▶ _SUPPLIED INFORMATION_

▬▬▬▬▬▬

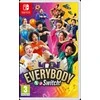 Nintendo Visi 1-2-Switch!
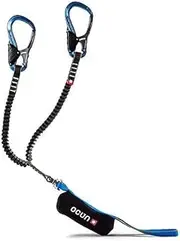 [Ocun] Captur Pro Swivel Climbing Set Blue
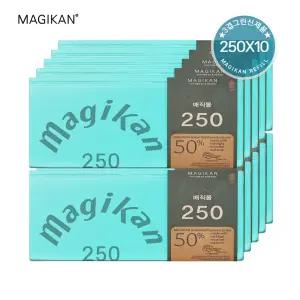 매직캔 리필10개/20개 250 280 220모델 적용 250R10G 280R10G 220R10G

▬▬▬▬▬▬

Omit the pictures and output all of the other material exactly.

 Nintendo Visi 1-2-Switch!
 [Ocun] Captur Pro Swivel Climbing Set Blue
 매직캔 리필10개/20개 250 280 220모델 적용 250R10G 280R10G 220R10G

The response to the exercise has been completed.